START Input records

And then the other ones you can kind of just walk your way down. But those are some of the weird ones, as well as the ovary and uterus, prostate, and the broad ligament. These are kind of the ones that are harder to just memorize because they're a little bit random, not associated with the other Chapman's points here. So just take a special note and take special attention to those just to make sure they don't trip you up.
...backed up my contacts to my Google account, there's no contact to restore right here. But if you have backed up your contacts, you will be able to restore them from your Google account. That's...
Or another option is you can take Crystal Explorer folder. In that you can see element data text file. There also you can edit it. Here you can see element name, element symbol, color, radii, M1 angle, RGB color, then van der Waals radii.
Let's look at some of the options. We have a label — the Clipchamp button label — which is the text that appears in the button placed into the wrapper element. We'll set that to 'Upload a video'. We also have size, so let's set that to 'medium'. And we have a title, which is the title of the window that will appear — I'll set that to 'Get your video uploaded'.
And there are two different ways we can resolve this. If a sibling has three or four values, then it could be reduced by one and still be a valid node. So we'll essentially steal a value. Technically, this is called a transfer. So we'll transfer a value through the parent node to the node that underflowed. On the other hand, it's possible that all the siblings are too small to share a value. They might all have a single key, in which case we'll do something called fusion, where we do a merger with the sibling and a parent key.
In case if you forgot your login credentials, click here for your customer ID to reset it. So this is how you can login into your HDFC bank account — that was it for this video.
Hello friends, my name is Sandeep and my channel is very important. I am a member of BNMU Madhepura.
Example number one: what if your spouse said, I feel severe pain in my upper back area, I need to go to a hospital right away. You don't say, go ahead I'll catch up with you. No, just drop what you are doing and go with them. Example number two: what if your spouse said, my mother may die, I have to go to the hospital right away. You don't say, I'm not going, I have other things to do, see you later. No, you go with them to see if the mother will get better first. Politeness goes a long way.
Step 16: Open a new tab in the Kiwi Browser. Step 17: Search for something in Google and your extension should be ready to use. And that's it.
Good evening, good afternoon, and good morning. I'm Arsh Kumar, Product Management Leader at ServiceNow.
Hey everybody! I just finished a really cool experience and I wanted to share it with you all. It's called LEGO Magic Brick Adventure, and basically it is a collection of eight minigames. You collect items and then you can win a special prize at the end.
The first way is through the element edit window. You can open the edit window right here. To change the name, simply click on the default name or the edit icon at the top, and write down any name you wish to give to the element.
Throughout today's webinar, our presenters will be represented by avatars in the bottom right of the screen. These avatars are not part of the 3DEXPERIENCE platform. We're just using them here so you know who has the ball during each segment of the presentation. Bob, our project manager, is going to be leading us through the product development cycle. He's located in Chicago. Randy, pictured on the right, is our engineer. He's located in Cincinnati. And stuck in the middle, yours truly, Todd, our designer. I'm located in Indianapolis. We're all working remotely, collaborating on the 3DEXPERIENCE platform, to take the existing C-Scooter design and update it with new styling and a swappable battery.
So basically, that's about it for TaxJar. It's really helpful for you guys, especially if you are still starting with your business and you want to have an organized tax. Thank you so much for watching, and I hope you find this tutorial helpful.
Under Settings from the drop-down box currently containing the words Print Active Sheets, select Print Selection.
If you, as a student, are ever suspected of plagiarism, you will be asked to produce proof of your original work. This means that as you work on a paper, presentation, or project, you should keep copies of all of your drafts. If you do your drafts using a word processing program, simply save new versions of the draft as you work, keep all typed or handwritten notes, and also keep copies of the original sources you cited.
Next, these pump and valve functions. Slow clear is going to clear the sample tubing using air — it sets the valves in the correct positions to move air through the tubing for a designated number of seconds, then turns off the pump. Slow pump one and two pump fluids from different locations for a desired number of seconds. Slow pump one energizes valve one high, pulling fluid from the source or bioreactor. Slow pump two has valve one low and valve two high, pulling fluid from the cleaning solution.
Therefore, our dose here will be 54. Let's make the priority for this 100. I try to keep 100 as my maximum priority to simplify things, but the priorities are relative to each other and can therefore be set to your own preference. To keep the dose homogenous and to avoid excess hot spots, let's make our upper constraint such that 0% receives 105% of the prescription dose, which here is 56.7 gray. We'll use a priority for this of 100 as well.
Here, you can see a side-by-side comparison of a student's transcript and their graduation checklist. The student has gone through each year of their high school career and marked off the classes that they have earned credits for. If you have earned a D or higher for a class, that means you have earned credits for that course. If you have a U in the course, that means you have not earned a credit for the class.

END Input records

§ **What the task requires**: Output the records above in their entirety, exactly.

§ **Response below**:
And then the other ones you can kind of just walk your way down. But those are some of the weird ones, as well as the ovary and uterus, prostate, and the broad ligament. These are kind of the ones that are harder to just memorize because they're a little bit random, not associated with the other Chapman's points here. So just take a special note and take special attention to those just to make sure they don't trip you up.
...backed up my contacts to my Google account, there's no contact to restore right here. But if you have backed up your contacts, you will be able to restore them from your Google account. That's...
Or another option is you can take Crystal Explorer folder. In that you can see element data text file. There also you can edit it. Here you can see element name, element symbol, color, radii, M1 angle, RGB color, then van der Waals radii.
Let's look at some of the options. We have a label — the Clipchamp button label — which is the text that appears in the button placed into the wrapper element. We'll set that to 'Upload a video'. We also have size, so let's set that to 'medium'. And we have a title, which is the title of the window that will appear — I'll set that to 'Get your video uploaded'.
And there are two different ways we can resolve this. If a sibling has three or four values, then it could be reduced by one and still be a valid node. So we'll essentially steal a value. Technically, this is called a transfer. So we'll transfer a value through the parent node to the node that underflowed. On the other hand, it's possible that all the siblings are too small to share a value. They might all have a single key, in which case we'll do something called fusion, where we do a merger with the sibling and a parent key.
In case if you forgot your login credentials, click here for your customer ID to reset it. So this is how you can login into your HDFC bank account — that was it for this video.
Hello friends, my name is Sandeep and my channel is very important. I am a member of BNMU Madhepura.
Example number one: what if your spouse said, I feel severe pain in my upper back area, I need to go to a hospital right away. You don't say, go ahead I'll catch up with you. No, just drop what you are doing and go with them. Example number two: what if your spouse said, my mother may die, I have to go to the hospital right away. You don't say, I'm not going, I have other things to do, see you later. No, you go with them to see if the mother will get better first. Politeness goes a long way.
Step 16: Open a new tab in the Kiwi Browser. Step 17: Search for something in Google and your extension should be ready to use. And that's it.
Good evening, good afternoon, and good morning. I'm Arsh Kumar, Product Management Leader at ServiceNow.
Hey everybody! I just finished a really cool experience and I wanted to share it with you all. It's called LEGO Magic Brick Adventure, and basically it is a collection of eight minigames. You collect items and then you can win a special prize at the end.
The first way is through the element edit window. You can open the edit window right here. To change the name, simply click on the default name or the edit icon at the top, and write down any name you wish to give to the element.
Throughout today's webinar, our presenters will be represented by avatars in the bottom right of the screen. These avatars are not part of the 3DEXPERIENCE platform. We're just using them here so you know who has the ball during each segment of the presentation. Bob, our project manager, is going to be leading us through the product development cycle. He's located in Chicago. Randy, pictured on the right, is our engineer. He's located in Cincinnati. And stuck in the middle, yours truly, Todd, our designer. I'm located in Indianapolis. We're all working remotely, collaborating on the 3DEXPERIENCE platform, to take the existing C-Scooter design and update it with new styling and a swappable battery.
So basically, that's about it for TaxJar. It's really helpful for you guys, especially if you are still starting with your business and you want to have an organized tax. Thank you so much for watching, and I hope you find this tutorial helpful.
Under Settings from the drop-down box currently containing the words Print Active Sheets, select Print Selection.
If you, as a student, are ever suspected of plagiarism, you will be asked to produce proof of your original work. This means that as you work on a paper, presentation, or project, you should keep copies of all of your drafts. If you do your drafts using a word processing program, simply save new versions of the draft as you work, keep all typed or handwritten notes, and also keep copies of the original sources you cited.
Next, these pump and valve functions. Slow clear is going to clear the sample tubing using air — it sets the valves in the correct positions to move air through the tubing for a designated number of seconds, then turns off the pump. Slow pump one and two pump fluids from different locations for a desired number of seconds. Slow pump one energizes valve one high, pulling fluid from the source or bioreactor. Slow pump two has valve one low and valve two high, pulling fluid from the cleaning solution.
Therefore, our dose here will be 54. Let's make the priority for this 100. I try to keep 100 as my maximum priority to simplify things, but the priorities are relative to each other and can therefore be set to your own preference. To keep the dose homogenous and to avoid excess hot spots, let's make our upper constraint such that 0% receives 105% of the prescription dose, which here is 56.7 gray. We'll use a priority for this of 100 as well.
Here, you can see a side-by-side comparison of a student's transcript and their graduation checklist. The student has gone through each year of their high school career and marked off the classes that they have earned credits for. If you have earned a D or higher for a class, that means you have earned credits for that course. If you have a U in the course, that means you have not earned a credit for the class.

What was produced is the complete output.